> **Your objective**
What is needed here is an exact repetition of the records below, beginning at the line that has "Replacing the fuse" and stopping after the line that has "Surname Hillkirk".

> **Provided data**
....................

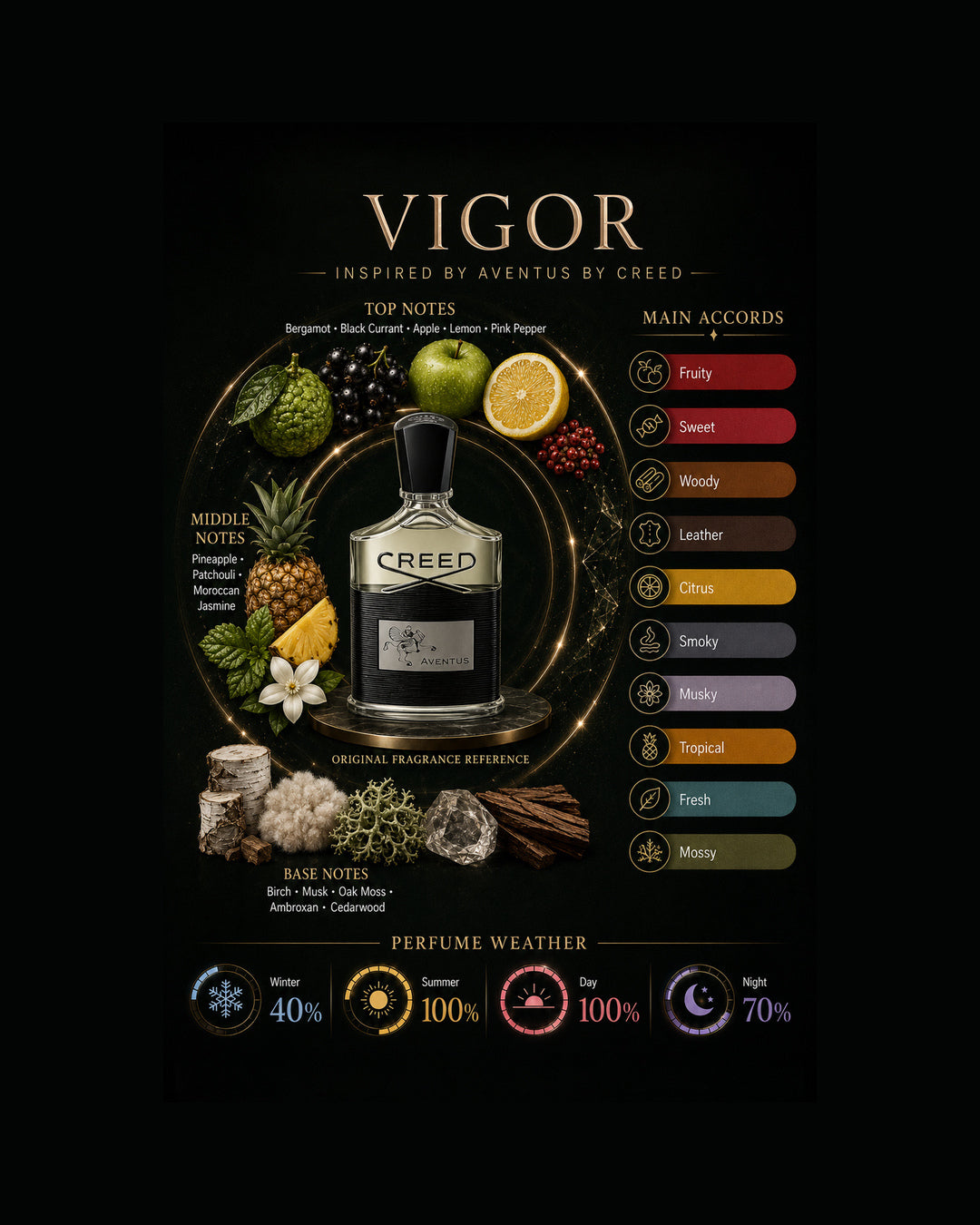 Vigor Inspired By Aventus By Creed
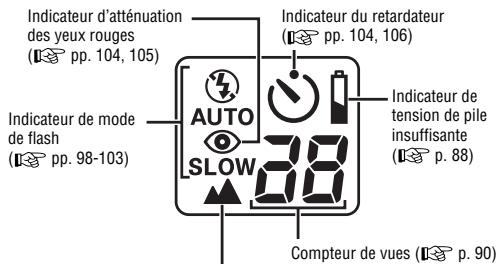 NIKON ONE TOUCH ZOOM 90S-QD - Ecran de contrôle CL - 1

....................

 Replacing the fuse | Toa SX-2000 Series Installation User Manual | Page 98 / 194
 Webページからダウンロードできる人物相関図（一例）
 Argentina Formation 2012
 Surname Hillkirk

....................

> **Output below**
 Replacing the fuse | Toa SX-2000 Series Installation User Manual | Page 98 / 194
 Webページからダウンロードできる人物相関図（一例）
 Argentina Formation 2012
 Surname Hillkirk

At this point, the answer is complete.